Нет, это не бред. Голос был настойчив. Он подчинился — чуть позади стоял человек.
— Кто вы? — всё ещё не веря происходящему, равнодушно спросил Янковский, заметив меж тем, что боль исчезла.
— Просто зритель. Ваш зритель. Считайте так.
— Считаю. Зачем вы здесь? И кто вас впустил?
— Я не хочу вашей смерти. А здесь… здесь никто меня не видит.
— Почему не хотите? — Артист не удивился странности разговора. — И почему не видят? — добавил он по-прежнему равнодушно, словно давая собеседнику понять, что смирился с приближением конца. Был готов, хотя сказать «как и всегда в своей жизни» посчитал бы лицемерным и неуместным даже сейчас.
— Думаю, вы должны жить.
— Я бы тоже хотел. И что с того? — поколебавшись и снова удивляясь отсутствию боли, спросил лежавший.
— Я могу помочь вам.
— Помогите.
— Скажите, вы не откажете в небольшой просьбе? Перед этим. От вашего ответа зависит многое.
— Пожалуйста.
— В те тысячи часов, проведённых на сцене, посреди бесконечных репетиций, играя героя, к которому испытываете простое человеческое уважение, приходила ли в голову мысль, хотя бы раз, что участие в происходящем неприятных вам людей мешает почувствовать образ в полной мере — слиться с ним, отдать себя ему? Хотя бы раз вы были не согласны с моралью тех, кто, стоя рядом с вами лицом к зрителю и говоря правильные слова, на самом деле лгал, думая иначе? Как бы уравнивая вас с собой, заставляя чувствовать дискомфорт от невольного соучастия в обмане? Ведь сцена и роль — удивительные инструменты, позволяющие, пусть иногда, пусть на время, подлецу стать порядочным человеком, завистнику — благородным, лицемеру — искренним и честным. И вы, будучи последним по сути и стоя рядом, должны чувствовать себя, ну, обокраденным, что ли, в такие минуты?
— Не только на сцене. Но и много… много раз в жизни, где же на всех найти таких, как Кваша, — подумав, прошептал Янковский.
— Значит, что-то внутри вас протестовало, не соглашалось с происходящим? А вы лишь заставляли себя исполнять требуемое. Традицией и режиссёром. Плохими традицией и режиссёром. Таковой первую делает вековая неизменность. А второго — незыблемость усвоенных принципов и систем, положенных в основу театра. Их ошибочность.
— Исполнять требуемое? Да нет, вы хотели сказать, свою работу? Как и все люди. А принципы, они что, должны отличаться от принятых обществом? Ведь это, в конце концов, жизнь.
— Но театр не жизнь, а её имитация. У него особое, удивительное место под солнцем. В зале, где свободных мест не бывает. Не поменять. Театр — великий распорядитель иллюзий с поразительной способностью давать жизни другие начала, другие продолжения и другие концы. Творить параллельно бытию. Никогда не задумывались, для чего существование его попущено Творцом?
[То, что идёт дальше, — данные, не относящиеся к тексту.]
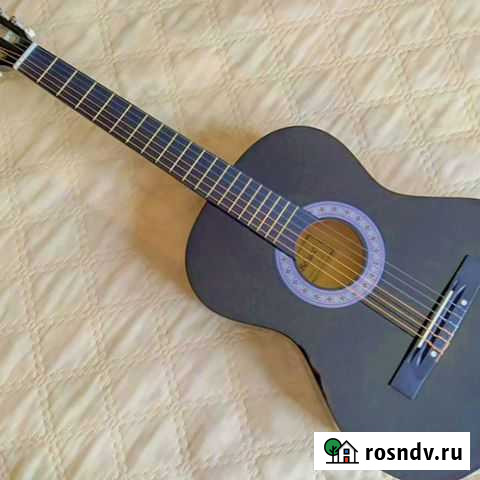 Гитара + медиатор Пятигорск - изображение 1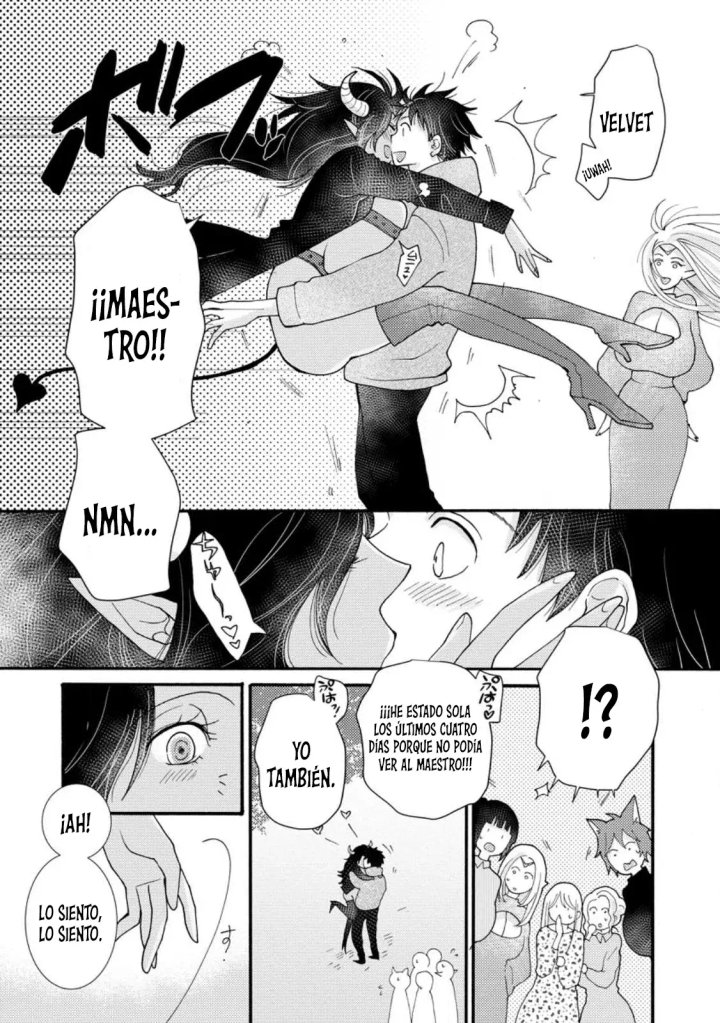Ataerareta Skill wo Tsukatte Kasei de Isekai Bijotachi to Ichaicha shitai Capítulo 17.2 - Page 7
— Странные слова. А картины, фильмы, книги разве не занимают то же место?
— Нет. Места эти на разных рядах. Правда, солнце одно, да сидящие на них и покрывающие волшебной кистью полотна, рождая восторг или приводя в трепет себе подобных, похожи как две капли воды. Но только внешне.
— Хорошо, пусть так, но разве не отображение жизни, самых крайних её проявлений, пороков и страстей, подвигов и благородства есть мотив существования театра? Наконец, цель? Неужели не это причина его существования?